| What is expected |
Write out every line below again exactly as it stands, skipping each image.

::: Data shown :::

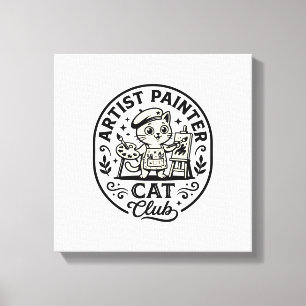Impressão Em Tela Artista Pintor Gato Gato Engraçado Gráfico - Dor d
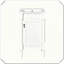 Meuble-lavabo autoportant moderne avec porte réglable-1678478724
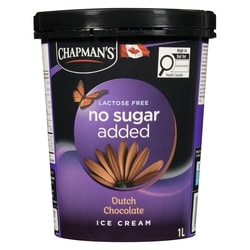 その他 sugar Chapmans No Sugar Added Lactose Free Ice Cream Dutch Chocolate - 1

:::

| Solution below |
Impressão Em Tela Artista Pintor Gato Gato Engraçado Gráfico - Dor d
 Meuble-lavabo autoportant moderne avec porte réglable-1678478724
 その他 sugar Chapmans No Sugar Added Lactose Free Ice Cream Dutch Chocolate - 1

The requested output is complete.